The Kickoff Party for Nanowrimo in Vancouver, WA is on the 27th.  See the Nanowrimo web page for details.  There are also lots of write-ins scheduled, including some for midnight when it officially becomes Nov. 1 (your local time.)  Kick off parties and write-ins are happening all over the world, so if you're not local to me, check out your region and see what's what.

Adrenaline is my friend

I had my first panicked OMG Nanowrimo is in single digit days moment.  I have an idea, a plan, and inspiration, but what I don't have is a lot of time.  I have to maintain 3000 words a day to make the goal for the month.  That's not a big word count, but that's a big daily word count, if that makes sense.  My writing schedule has been so disrupted I'm a bit worried that I may be out of practice of the daily writing thing.  

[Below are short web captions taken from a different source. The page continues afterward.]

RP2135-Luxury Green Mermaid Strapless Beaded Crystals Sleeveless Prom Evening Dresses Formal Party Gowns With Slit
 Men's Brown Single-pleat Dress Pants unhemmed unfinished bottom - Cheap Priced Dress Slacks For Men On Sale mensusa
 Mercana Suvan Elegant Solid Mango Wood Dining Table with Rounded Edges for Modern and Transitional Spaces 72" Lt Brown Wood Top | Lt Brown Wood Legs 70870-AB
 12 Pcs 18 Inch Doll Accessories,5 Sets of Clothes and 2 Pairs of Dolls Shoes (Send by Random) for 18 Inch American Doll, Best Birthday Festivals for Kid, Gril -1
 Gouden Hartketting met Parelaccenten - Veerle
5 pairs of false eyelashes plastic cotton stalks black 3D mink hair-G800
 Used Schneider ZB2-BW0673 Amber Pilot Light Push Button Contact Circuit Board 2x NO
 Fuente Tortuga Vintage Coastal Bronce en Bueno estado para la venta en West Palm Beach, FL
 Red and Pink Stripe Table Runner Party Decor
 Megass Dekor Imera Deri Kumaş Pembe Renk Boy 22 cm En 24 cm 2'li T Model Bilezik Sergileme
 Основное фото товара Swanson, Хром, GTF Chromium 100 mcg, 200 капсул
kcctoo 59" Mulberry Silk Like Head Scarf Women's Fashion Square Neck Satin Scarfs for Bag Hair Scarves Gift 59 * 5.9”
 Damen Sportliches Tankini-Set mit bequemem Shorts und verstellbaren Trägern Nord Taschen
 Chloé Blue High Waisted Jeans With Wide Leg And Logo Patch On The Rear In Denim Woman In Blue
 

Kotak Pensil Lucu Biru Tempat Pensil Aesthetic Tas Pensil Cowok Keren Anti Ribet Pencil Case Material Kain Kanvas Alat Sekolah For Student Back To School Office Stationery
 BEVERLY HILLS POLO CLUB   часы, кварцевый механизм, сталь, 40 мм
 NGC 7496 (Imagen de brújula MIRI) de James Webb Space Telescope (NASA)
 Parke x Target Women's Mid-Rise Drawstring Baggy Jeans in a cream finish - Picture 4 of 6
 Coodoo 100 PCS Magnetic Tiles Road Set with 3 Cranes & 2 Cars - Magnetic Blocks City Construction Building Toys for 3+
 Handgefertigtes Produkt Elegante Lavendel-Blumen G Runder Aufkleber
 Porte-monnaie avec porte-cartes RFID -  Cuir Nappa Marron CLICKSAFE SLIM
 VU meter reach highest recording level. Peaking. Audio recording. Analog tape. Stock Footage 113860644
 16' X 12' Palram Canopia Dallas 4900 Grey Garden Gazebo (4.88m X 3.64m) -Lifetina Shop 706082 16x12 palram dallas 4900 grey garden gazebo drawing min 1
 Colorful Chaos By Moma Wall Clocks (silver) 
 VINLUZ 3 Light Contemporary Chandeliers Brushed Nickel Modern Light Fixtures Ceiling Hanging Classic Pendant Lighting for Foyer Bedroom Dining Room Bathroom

Which is one of the reasons why Nano is so awesome--daily writing habits are refreshed and reinforced.  If I didn't do this every year, I'm fairly certain I'd be a much lazier writer.  

Saturday, October 18, 2008

Flashed by Writer's Block

Steve and C.S. brought fun show and tell books to the Washougal library combined writers and Nano prep meeting.  They included two of the really kewl Writer's Block books and a book on 45 character archetypes.  I ended up making tons of notes on my Nanowrimo novel project and wrote a flash.  That's one heckuva productive meeting right there!

It was a good time to get out of the house, otherwise I probably would have gotten zilch done in writing today.  Unfortunately I'd miscalculated the time of the OryCon 30 meeting and missed it. 

In other news, I've had a story accepted for publication.  I'll post details when I'm cleared to do that.  Also, my honorable mention certificate arrived from Writers of the Future.  It's gorgeous and hand-signed.  Definitely something I'm going to frame for the office or maybe the I Love Me Wall in the stairwell.

Friday, October 17, 2008

Autumn INK Sightings.

WooHoo! INK meeting tonight. Wide assortment of topics to be discussed.

INK at Library Saturday with NaNoWriMo brainstorming immediately afterward.

INK meets again on the 24th. Prep for NaNo plus outlining/writing time and looking ahead toward OryCon 30 and beyond are topics.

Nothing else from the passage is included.